Le maire de Chambly, Denis Lavoie, a ordonné le 22 novembre dernier la destruction en catimini de la maison Boileau, rare témoin de l’insurrection des patriotes de 1837. Il prétexte, appuyé sur l’avis d’experts, qu’elle était devenue un danger public. Nous aimerions connaître ces experts. Nous aimerions également connaître ses projets pour l’utilisation du terrain ainsi nettoyé.

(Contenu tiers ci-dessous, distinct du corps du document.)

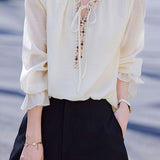 Exquisite Elegant V‑Neck Tie Beaded Long‑Sleeve Shirt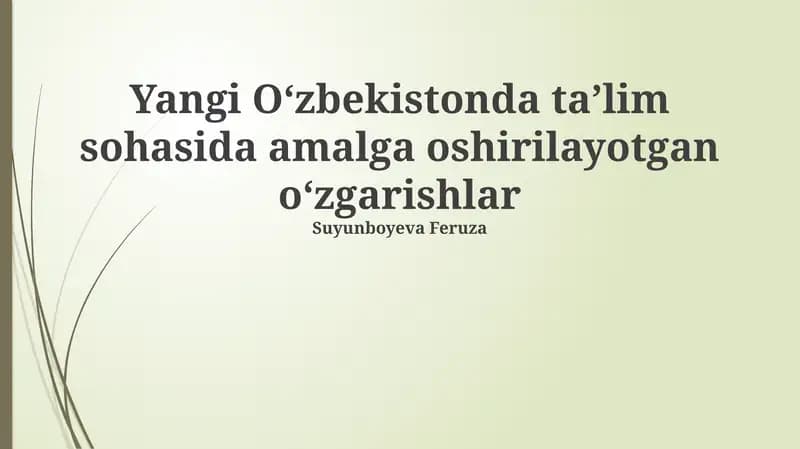 Ta'lim Islohotlarining Asosiy Yo'nalishlari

Devant l’indignation générale, Denis Lavoie s’est défendu en disant que la restauration de la maison « aurait été une imitation avec des matériaux d’aujourd’hui ». Mais, du même souffle, il laisse entendre la possibilité de la reconstruire. Avec des matériaux anciens, peut-être ? Où les trouvera-t-il ? Je lui suggère d’aller s’approvisionner dans le Vieux-Québec, qui en a plein. Mais il devra déployer la même rapidité énergique qu’à Chambly, car l’UNESCO a inscrit le Vieux-Québec sur la Liste du patrimoine mondial.

En fait, notre bon maire dit n’importe quoi et semble agir de la même façon. Les citoyens de Chambly s’en souviendront peut-être lors des prochaines élections municipales.

1 commentaire
  • Nicole D. Sévigny - Abonnée 29 novembre 2018 09 h 46

    Merci M. Beauchemein

    de vous commettre dans cette saga qui se répète trop souvent au Québec...Depuis un certain temps...le manque de culture, le manque de fierté et de connaissance de l'histoire,de Notre histoire, causent grands dommages à notre Patrimoine bâti et autres... En effet, il y a de ces "quidams"... "élus"... qui parfois prennent des vessies pour des lanternes.

    Juste une remarque au Devoir: le titre me laisse pantoise...Énergique... le maire? Pour moi ,ce qualificatif n'a pas le même sens que celui que vous lui prêtez. loin de là!